• Your instructions: Print the line containing "Imagem 16 de", then every line after it through the end of the material, exactly as written and without pictures.

• Supplied records:
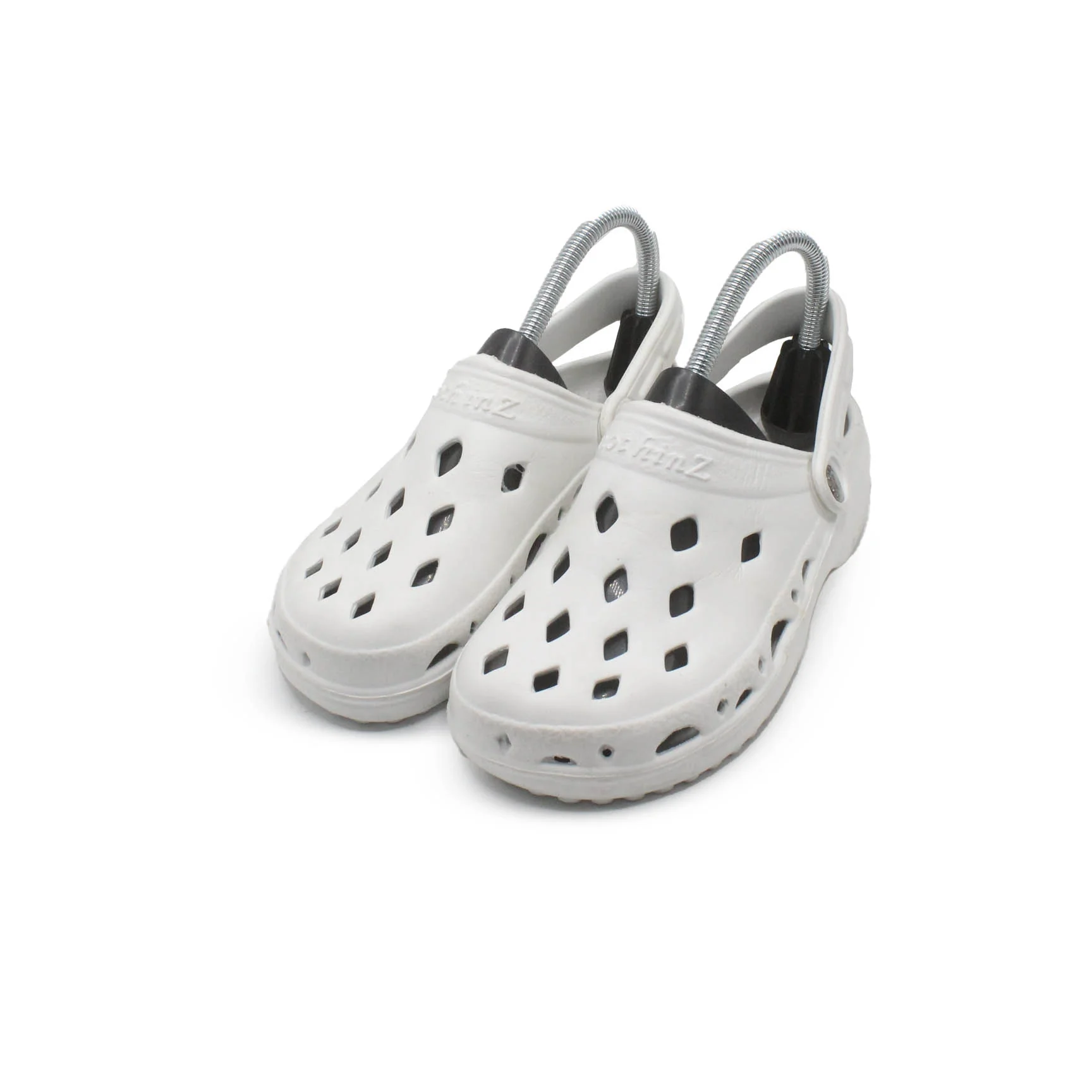 NOTHINZ WHITE CLOG - Image 2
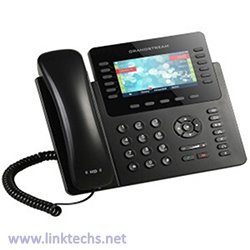 Grandstream GXP2170 Enterprise 12 Line VoIP Phone Deskset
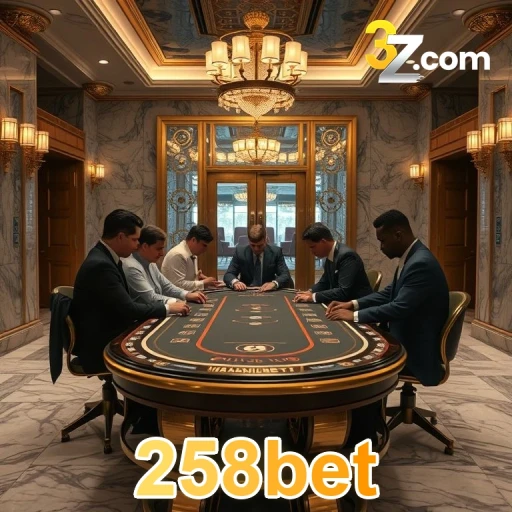 258bet Jogos de caça-níqueis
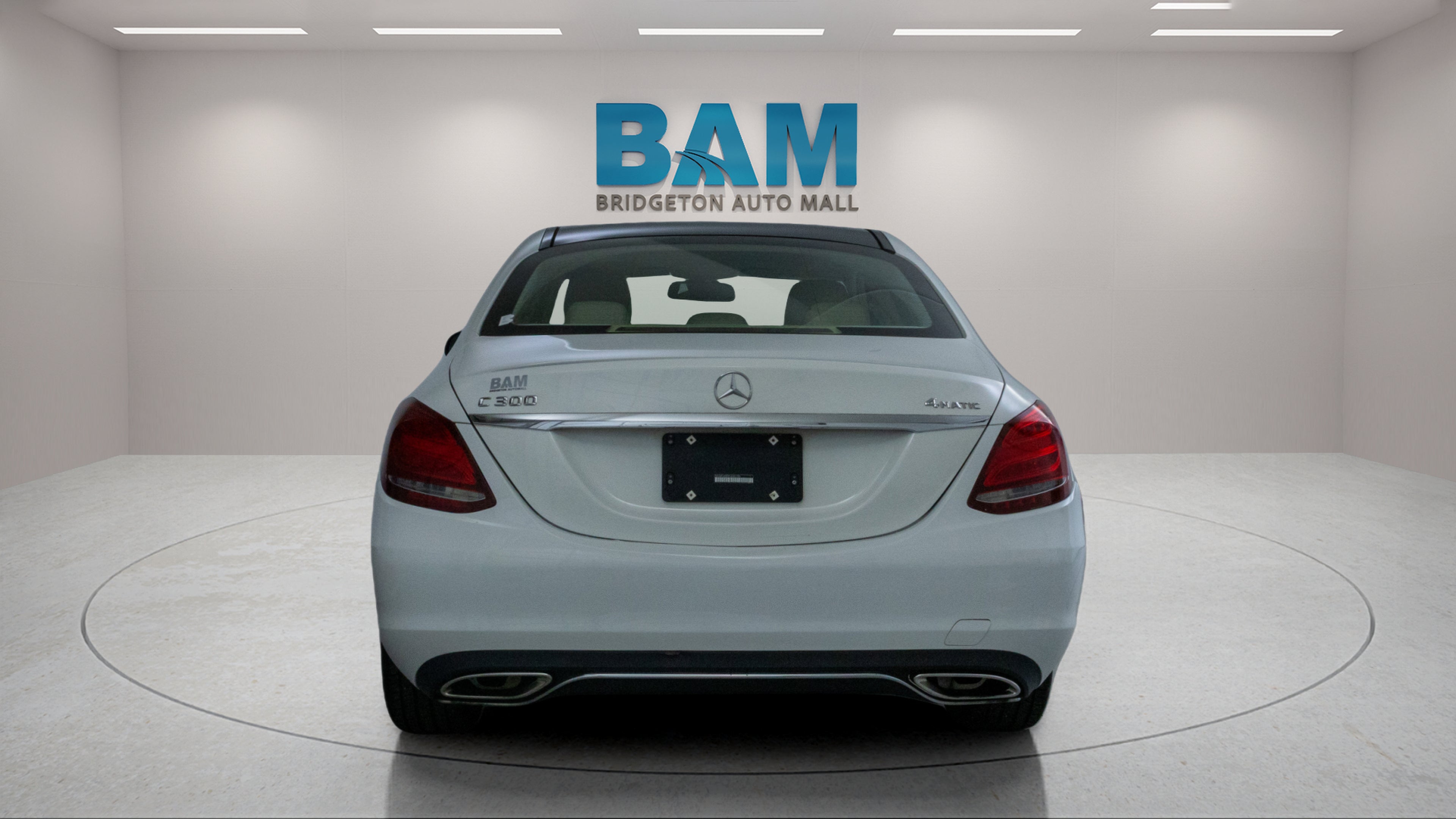 2015 Mercedes-Benz C 300 Base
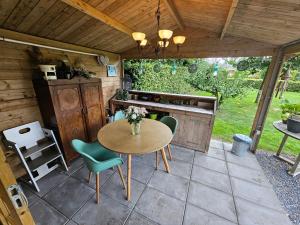 Trekkershut - De Hollandse Boerderij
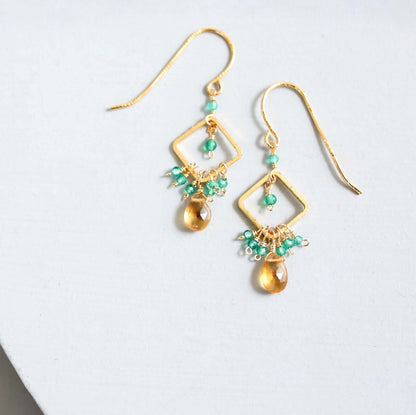 Pixy Earrings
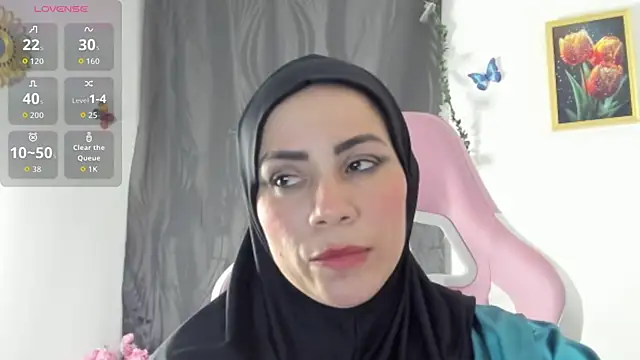 dalila kemur online show from 13, 9, 2025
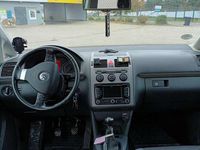 Gebraucht VW Touran Freestyle 140 PS (102 kW) 2009 Van / Kleinbus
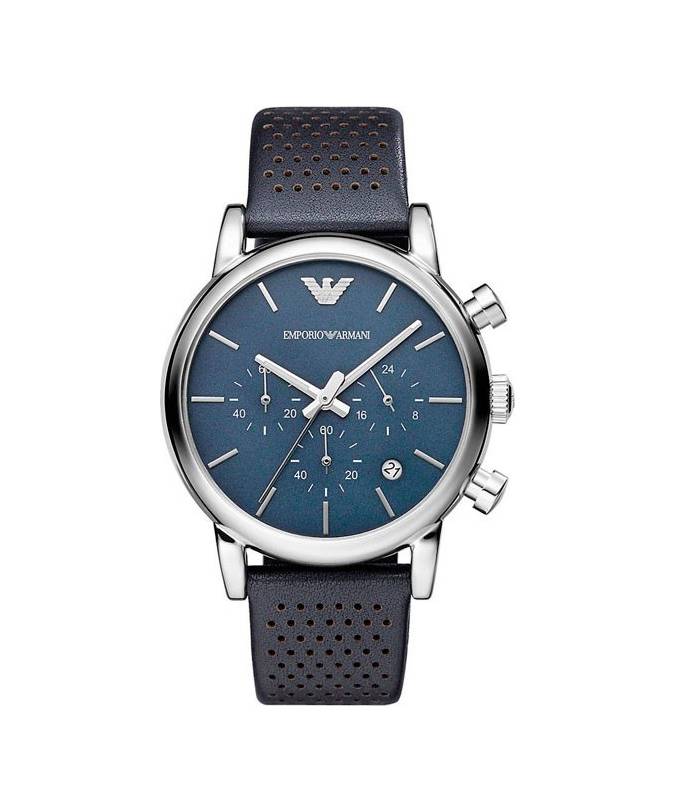 Emporio Armani Luigi AR1736 с хронографом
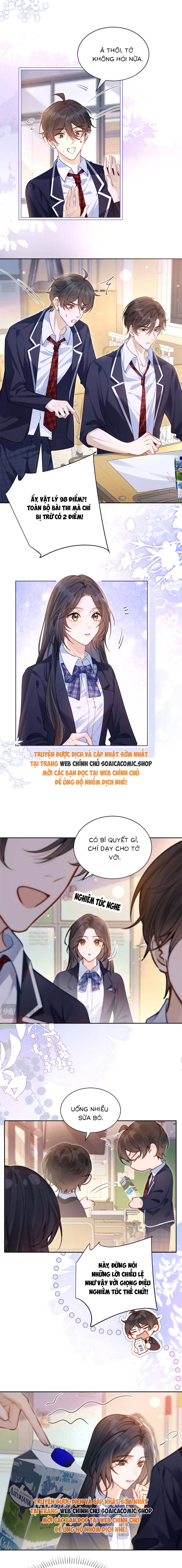 Em Có Nghe Thấy: Chapter 6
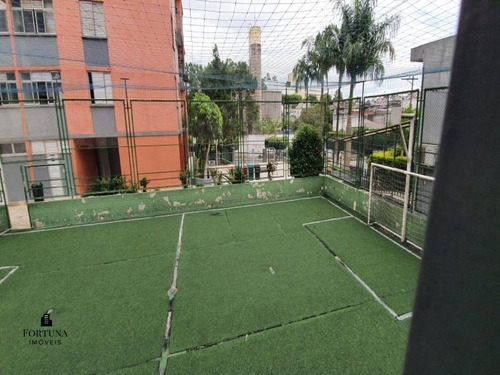 Imagem 16 de 17 de Apartamento Para Venda Em Diadema - Ap32261 - 68918103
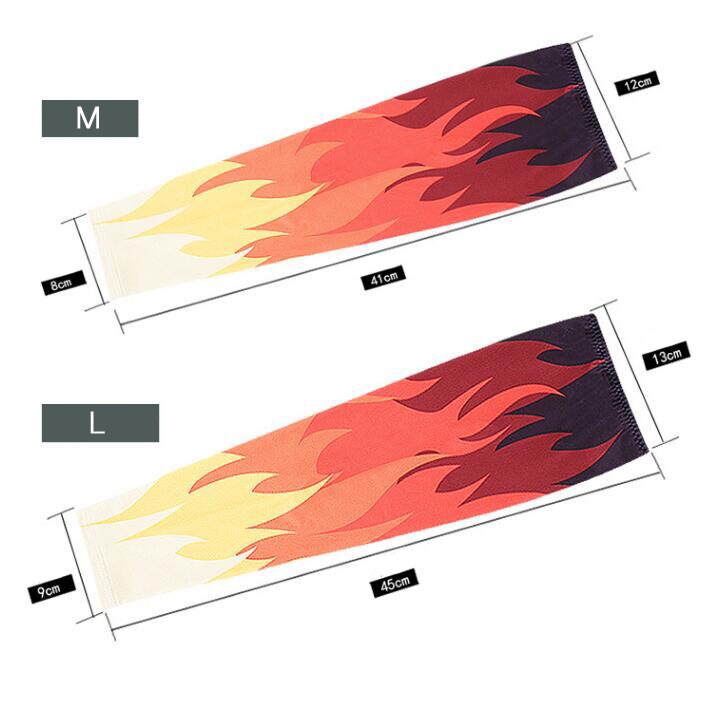 1 Pair Outdoor Cycling Sleeves Armwarmer UV UFP 50+ MTB Bike Bicycle Sleeves Arm Protection Ridding Sleeves GYH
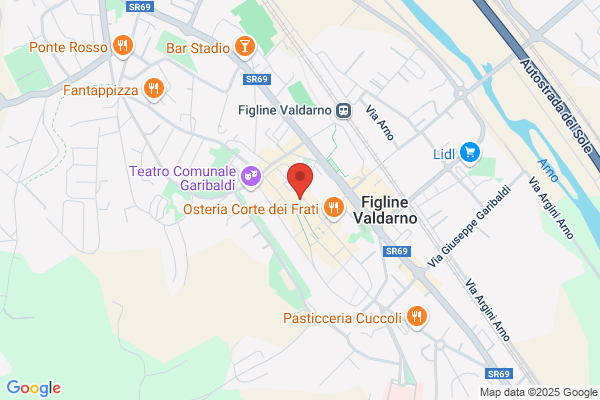 Covo De Ricci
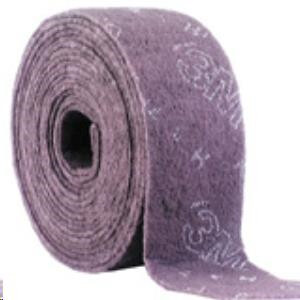 3M Scotch Brite AVF rot 100mm x 10m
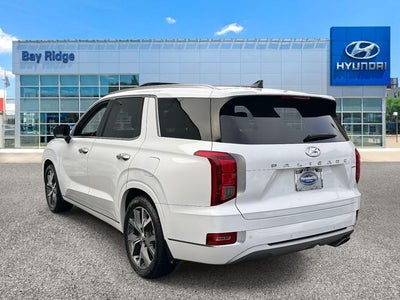 2022 Hyundai Palisade Limited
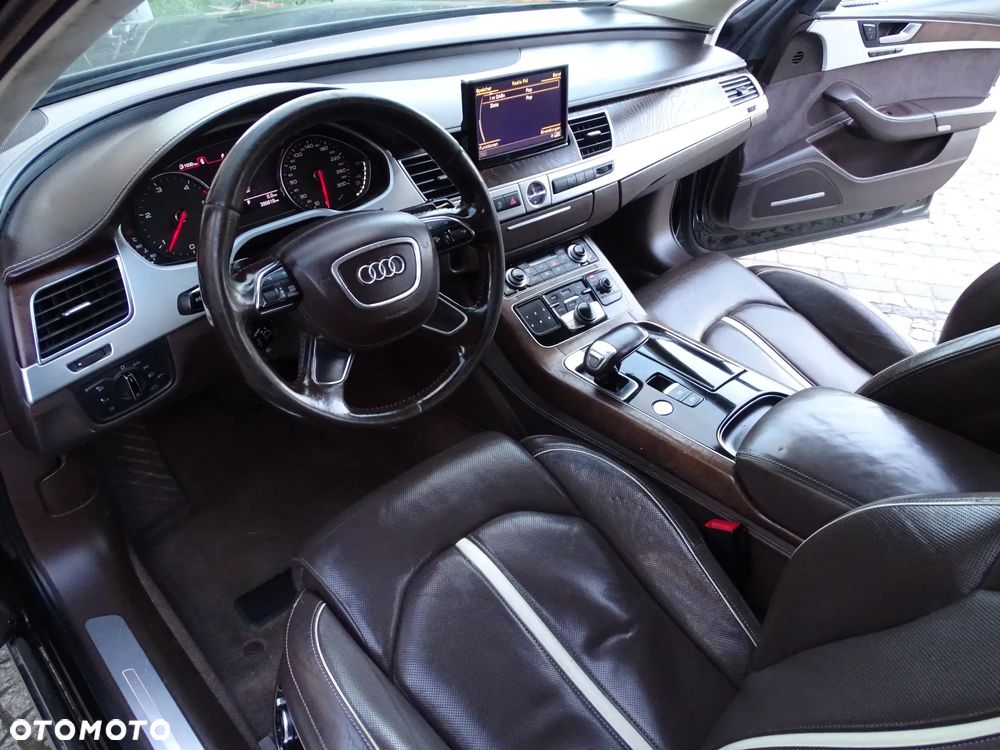 Audi A8 4.2 TDI DPF quattro tiptronic Langversion - 6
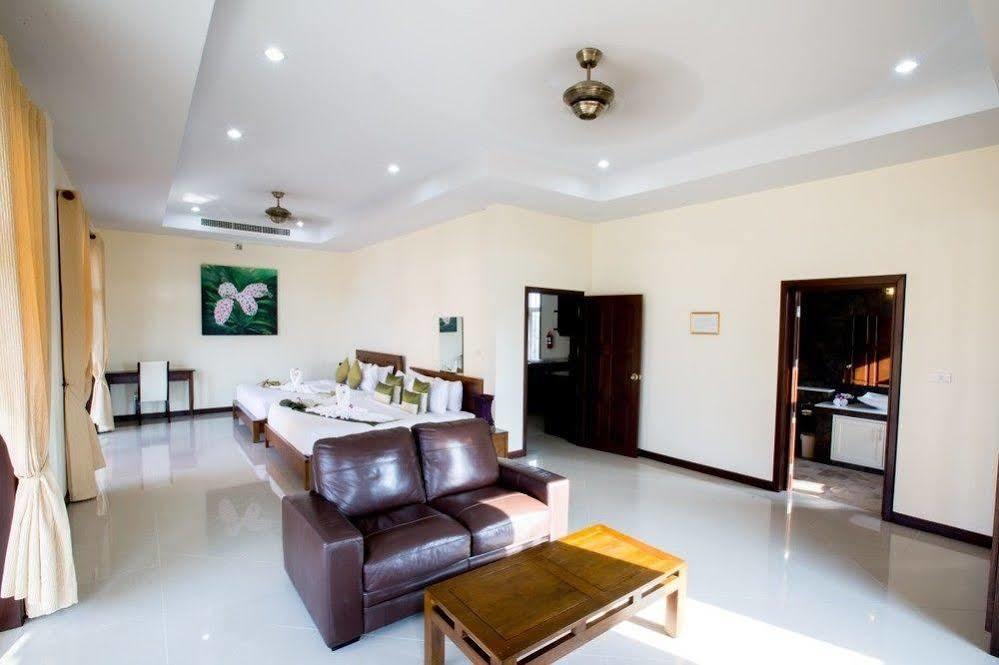 Sahwan Boutique Luxury Resort Hua Hin Luaran gambar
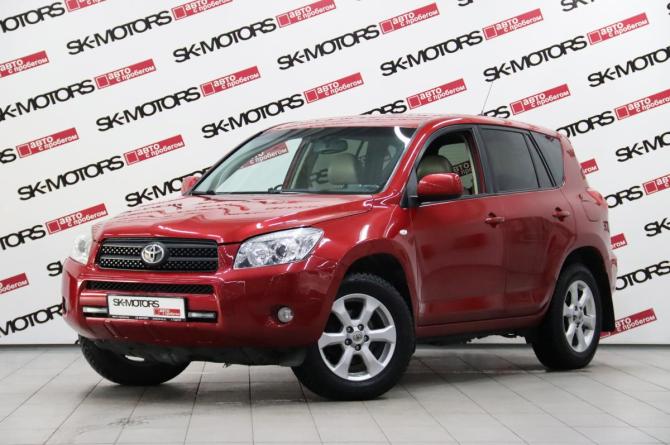 Toyota RAV4 III (XA30) с пробегом 2006 года, цена 1 070 750 рублей, 173065 км, внедорожник, Автокод Объявления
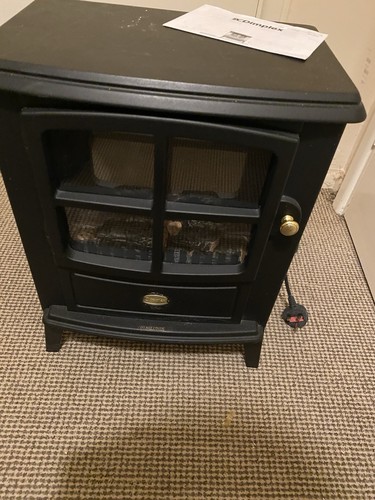 Dimplex free standing electric - free,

• Solution:
 Imagem 16 de 17 de Apartamento Para Venda Em Diadema - Ap32261 - 68918103
 1 Pair Outdoor Cycling Sleeves Armwarmer UV UFP 50+ MTB Bike Bicycle Sleeves Arm Protection Ridding Sleeves GYH
 Covo De Ricci
 3M Scotch Brite AVF rot 100mm x 10m
 2022 Hyundai Palisade Limited
 Audi A8 4.2 TDI DPF quattro tiptronic Langversion - 6
 Sahwan Boutique Luxury Resort Hua Hin Luaran gambar
 Toyota RAV4 III (XA30) с пробегом 2006 года, цена 1 070 750 рублей, 173065 км, внедорожник, Автокод Объявления
 Dimplex free standing electric - free,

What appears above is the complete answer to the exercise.